It was an old tutor of mine, down in Falmouth, Cornwall, who first introduced me to the Quiet Carriage. We were going up to Exeter in the summertime, to meet with some other course mates on the Masters course I was taking. I can’t remember if we’d agreed to travel up together – his stop was a few after mine – but I do remember him looking at me, his face in disbelief and shock: You didn’t book a reservation on the Quiet Carriage?
I don’t remember what I did – probably shrugged and ignored it, as with most things. But soon after, I did book myself a reservation on the Quiet Car and what a revelation. Peace, serenity, no tables of people drinking beer out of cans and jeering at one another! I know my hearing isn’t great, but the quiet car is more than just quiet – everyone gets on, takes their seat, and for the duration of the journey they are silent and still.
I travel frequently between London and Glasgow. Glasgow is another city in the UK where I’ve lived, had a life, and keep, if not a life then certainly a shadow of a life, sleeping cryogenically until I need to warm it back into being. Anyhow, the train out of Euston up to Glasgow Central is proof of the glories of the Quiet Car. I remember telling The Mom about how things take a turn for the worst at Carlisle, and it was one of those things she accepted as random information and generally ignored it. Until it popped up in one of the chick books she likes reading in summer. I remember she came rushing over, stabbing her index fingers at the book with force: “Ah! Look! Carlisle on the train! Nightmare of a place!”

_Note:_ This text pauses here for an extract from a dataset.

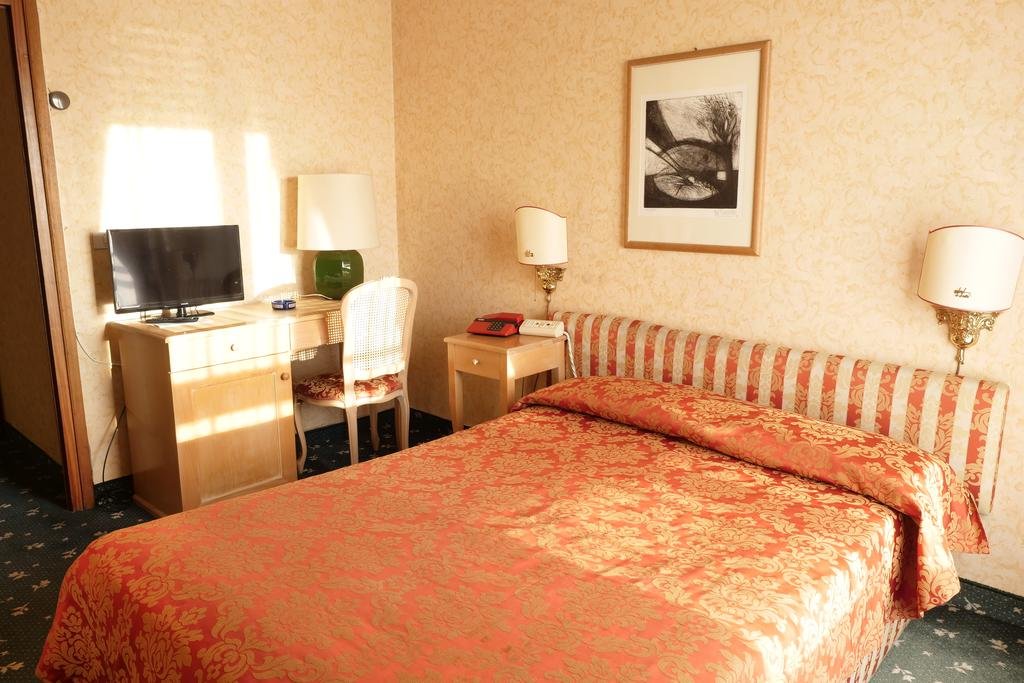 PARK HOTEL TERME - ABANO TERME-guestroom-GUEST ROOM.jpg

Anyhow, if booked on the regular carriages, at Carlisle, there seems to be hoards of teenagers hired to board the train, complete with cans of lager (Tenents usually) and infest the journey: they drink, they shout, sometimes they sing, they are generally loud and obnoxious – and Glasgow is still a fair ways off.
But if you’re in the Quiet Car, you remain blissfully unaware of this phenomenon.
Recently, I was travelling from Bristol to London. I booked myself into the Quiet Car, and prepared to settle in for the nearly two-hour journey with my laptop and some work. And then from behind me, voices. As the train hadn’t left the station, I let it pass, thinking that once the train got going, the British voices I heard – one thick West Country, the deep tenor of an old dear on a rare journey into the big city – would surely settle into the rhythm of the train and quietly enjoy the journey.
But no! The talking continued. In fact, it may have grown louder. I turned to see where the voices were coming from and caught the gaze of a woman seated opposite me. Our eyes grew wide, indicating how inappropriate this talking was, and we both shook our heads as if to say, ‘How rude!’ But of course, this is Britain, and the idea that one could reasonably stand up, go over to these chatty Cathies and politely remind them that this was the Quiet Car was out of our grasp. Other people got on at the next stop – Bath Spa – sat near the talkers, and once they learned there was no end to the talking did the most British of things – they got up and sat somewhere else.
My hearing is not so good, but I could hear these old women. In fairness, they were utterly delighted with one another and having a grand old time. I don’t think they knew each other before getting on the train, but once we arrived in London, I felt certain they would be fast friends. The part of my mind that is nice, didn’t begrudge them their growing friendship. The part of my brain that hates dull stories and loud noise wanted to throttle them.
As we continued on towards London, I kept trying to think of how best to say to them to shut up or move to a different carriage. This was in the first few days of Brexit, and I was slightly anxious about my accent: you never know who you might meet on the train, it could be transporting rabid Brexiters, looking for any opportunity to berate a foreginer. I remained silent.
Somewhere around Swindon or Didcot Parkway, or one of the in-between stations that to me are just names and not actually places, an old gent got on our carriage. Navy blue blazer, double breasted, gold buttons. After the train got started and the women got back to talking, he marched down the aisle and said to them: “Ladies, I remind you this is the Quiet Carriage!”
There were chastened murmurs and the talking stopped. The rest of the journey was peaceful.
I told The Mom about this and she shook her head.
“Oh, don’t worry,” I said. “When you come to visit, we aren’t taking the Quiet Car. You can feel free to chat.”